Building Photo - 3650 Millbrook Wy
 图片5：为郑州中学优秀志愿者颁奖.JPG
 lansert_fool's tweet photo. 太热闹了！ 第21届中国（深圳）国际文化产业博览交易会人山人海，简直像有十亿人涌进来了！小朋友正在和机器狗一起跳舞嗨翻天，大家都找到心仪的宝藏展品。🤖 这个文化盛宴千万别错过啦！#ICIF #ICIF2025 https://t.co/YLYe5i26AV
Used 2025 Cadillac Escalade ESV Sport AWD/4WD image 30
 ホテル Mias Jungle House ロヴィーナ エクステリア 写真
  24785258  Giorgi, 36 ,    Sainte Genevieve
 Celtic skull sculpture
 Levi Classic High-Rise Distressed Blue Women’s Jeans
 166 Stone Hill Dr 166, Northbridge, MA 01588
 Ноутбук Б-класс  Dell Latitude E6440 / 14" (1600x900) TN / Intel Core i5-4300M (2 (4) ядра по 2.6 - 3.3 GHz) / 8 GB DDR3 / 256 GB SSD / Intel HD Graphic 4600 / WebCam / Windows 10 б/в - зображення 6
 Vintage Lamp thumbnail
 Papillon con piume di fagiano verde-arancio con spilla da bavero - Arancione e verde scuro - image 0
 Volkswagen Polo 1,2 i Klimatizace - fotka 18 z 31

- _TASK TO COMPLETE_: Repeat word for word from the line holding "- зображення 6" down to the last line above, including both.

- _ANSWER SECTION_:
 Ноутбук Б-класс  Dell Latitude E6440 / 14" (1600x900) TN / Intel Core i5-4300M (2 (4) ядра по 2.6 - 3.3 GHz) / 8 GB DDR3 / 256 GB SSD / Intel HD Graphic 4600 / WebCam / Windows 10 б/в - зображення 6
 Vintage Lamp thumbnail
 Papillon con piume di fagiano verde-arancio con spilla da bavero - Arancione e verde scuro - image 0
 Volkswagen Polo 1,2 i Klimatizace - fotka 18 z 31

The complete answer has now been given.